Two or more time series \(X_t\) and \(Y_t\) are **cointegrated** if:

- Both \(X_t\) and \(Y_t\) are individually non-stationary.
- A linear combination \(aX_t + bY_t\) is stationary, for some non-zero coefficients a and b.

In other words, there exists a vector (a, b) such that the time series \(U_t = aX_t + bY_t\) is stationary.

The stationarity of \(X_t\) can be formally tested using standard unit root tests. If \(X_t\) is found to be stationary, then \(X_t\) and \(Y_t\) are cointegrated.

## Testing Cointegration

### Engle-Granger

The Engle-Granger method is a two-step approach used for cointegration analysis in time series data. In the first step, it involves estimating a long-run relationship between two or more non-stationary variables using ordinary least squares (OLS). This estimation results in a residual series. The second step tests the stationarity of these residuals using a unit root test, such as the Augmented Dickey-Fuller (ADF) test. If the residuals are found to be stationary, it implies that the variables are cointegrated, meaning they have a long-run equilibrium relationship despite being non-stationary individually.

### 5. Johansen’s Method

The Johansen method is another statistical approach used for determining the presence of cointegration among multiple non-stationary time series variables. Unlike the Engle-Granger method, which is limited to examining two variables, the Johansen method can handle multiple variables simultaneously. It is based on the vector autoregression (VAR) model of order ( p ) for ( n ) variables:

$$ \Delta Y_t = \Pi Y_{t-1} + \sum_{i=1}^{p-1} \Gamma_i \Delta Y_{t-i} + \epsilon_t $$

Here, \(Y_t\) is an \(n \times 1\) vector of time series, \(\Delta\) is the difference operator, \(\Pi\) and \(\Gamma_i\) are matrices of coefficients, and \(\epsilon_t\) is a vector of error terms.

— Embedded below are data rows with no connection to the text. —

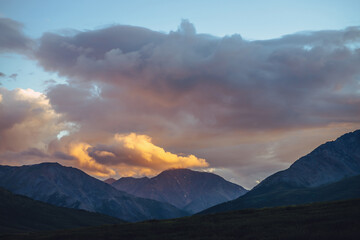 Beautiful mountain scenery with golden dawn light in cloudy sky. Scenic mountain landscape with illuminating color in sunset sky. Silhouettes of mountains on sunrise. Gold illuminating sunlight in sky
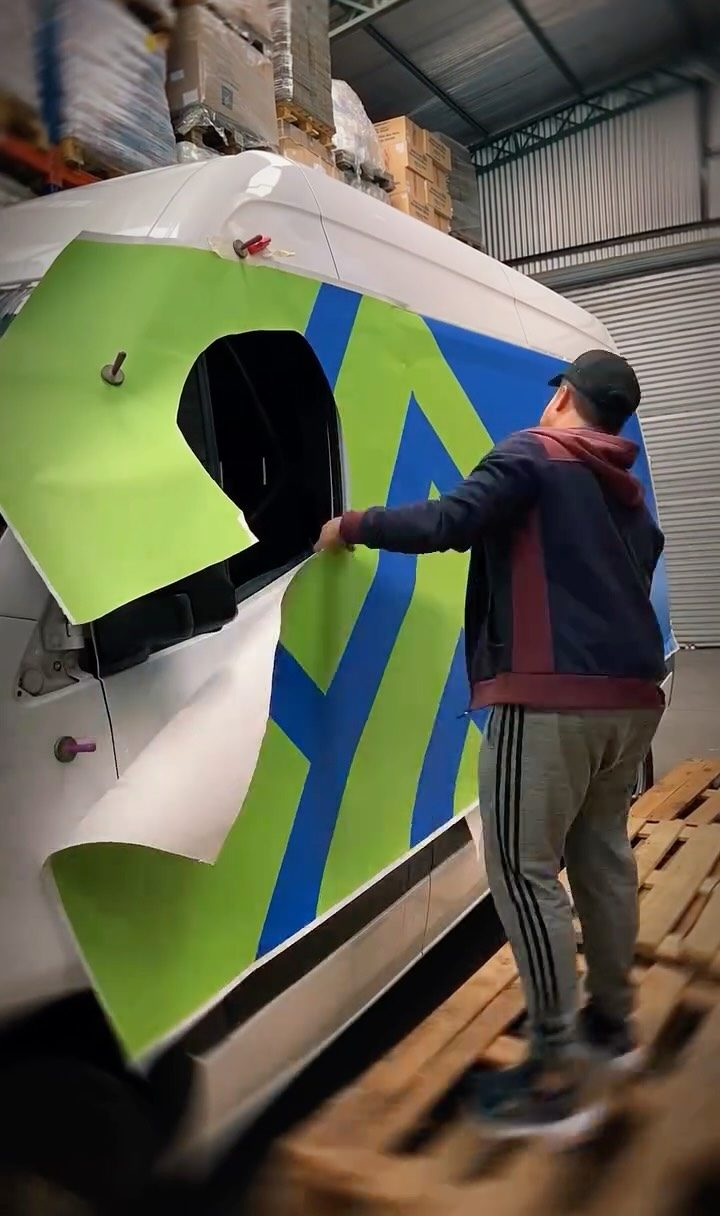 Instalador colocando gráfica en una van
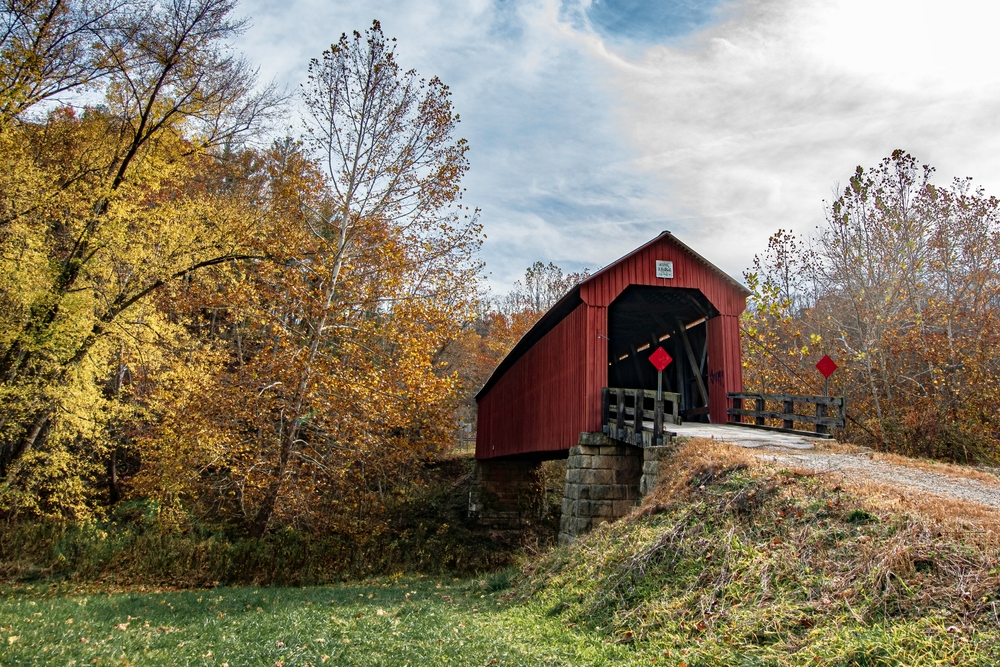 Marietta, Ohio, USA-Oct. 25, 2022: Landscape of Hune Covered Bridge, a Long truss, single span bridge built in 1879 over the Little Muskingum River and restored in 1998.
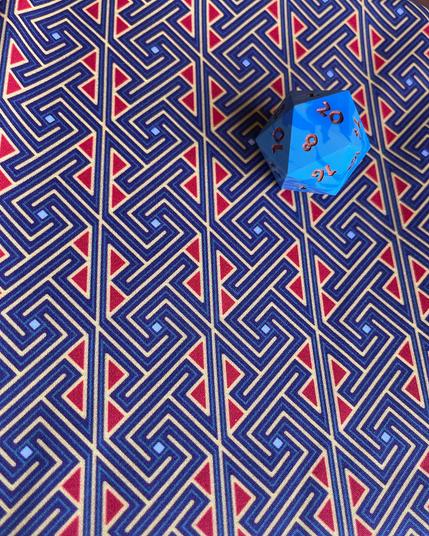 A piece of fabric adorned with a Celtic key / maze pattern that looks kind of like spirals but square in blues, red, and gold lying flat with a marbled blue 20-sided die with metallic copper numbers.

The core of the Johansen method lies in the analysis of the matrix \(\Pi\). This matrix can be decomposed into \(\alpha \beta’\), where \(\alpha\) and \(\beta\) are \(n \times r \) matrices, and r represents the number of cointegrating relationships. The Johansen method tests the rank of the \(\Pi \) matrix (equivalent to testing the number of cointegrating vectors). This is achieved through two likelihood ratio tests: the trace test and the maximum eigenvalue test, both of which assess the significance of the cointegrating vectors. If the rank of \(\Pi \) is found to be greater than zero, it implies that there are cointegrating relationships among the variables, indicating a long-run equilibrium linkage.

As correctly indicated by Alexander in Market Risk Analysis Volume III “*it is important to recognize that the two tests have different objectives. The Johansen tests seek the linear combination which is most stationary whereas the Engle–Granger tests, being based on OLS, seek the stationary linear combination that has the minimum variance.*“

## Cointegration vs Correlation

Cointegration and correlation are both statistical concepts used in the analysis of time series data, but they refer to different types of relationships between variables.

Correlation measures the strength and direction of a linear relationship between two variables. It tells us how much one variable tends to change when the other one does, but it doesn’t imply causation or a stable long-term relationship. Correlation is often represented by the Pearson correlation coefficient, which ranges from -1 (perfect negative correlation) to +1 (perfect positive correlation). A value of 0 indicates no correlation.

Cointegration, on the other hand, refers to a situation where two or more non-stationary time series are linked together in such a way that their linear combination is stationary. Even if the individual series themselves wander randomly over time, if they are cointegrated, there is a consistent, long-term equilibrium relationship between them. This concept is crucial in econometrics and finance as it suggests a predictable, long-term balance between the series, despite short-term fluctuations.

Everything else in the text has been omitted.